Other ADCs in the pipeline include EO-3021, AZD0901, TORL-2-307, and SOT102, all of which also target CLDN18.2. These ADCs are being developed with the hope of overcoming the challenges associated with treating pancreatic cancer, including the tumor’s harsh microenvironment (TME) and poor drug delivery due to altered vascularization. ADCs like AGX101, which targets TM4SF1, LCB84 targeting TROP2, LY4101174 targeting nectin-4, and AMT-151 targeting Fra are among the many candidates under investigation.

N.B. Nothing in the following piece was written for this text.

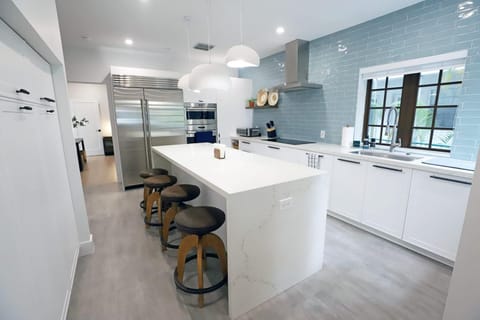 Kitchen or kitchenette, Dining area, dishwasher, microwave, oven, stove, toaster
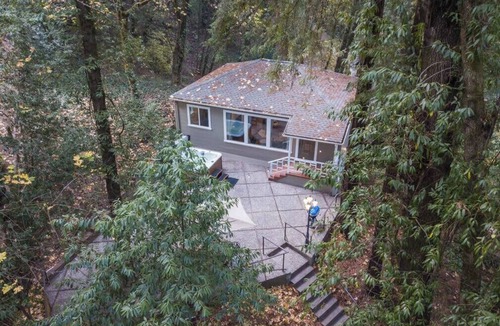 Hacienda House | Hazels Hideaway: Hot Tub | Redwoods | Bonus Room!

Despite the promise shown by these early-stage candidates, the clinical translation of preclinical successes has yet to be fully realized in pancreatic cancer. Several barriers, including the unique and harsh TME, poor antigen-mediated ADC internalization, and limited drug delivery, pose significant challenges for ADC development in this area. Further research is needed to better understand the molecular mechanisms of both intrinsic and acquired resistance to ADCs in pancreatic cancer. This research could help refine ADC design, making them more effective against this particularly difficult cancer type.
The flexibility and versatility of ADCs as a therapeutic platform offer hope for overcoming these hurdles. Future work will likely focus on tailoring ADCs specifically for pancreatic cancer by improving tumor targeting, linker chemistries, and payload properties. With continued advances in these areas, ADCs could eventually play a key role in improving outcomes for pancreatic cancer patients, who currently have limited options.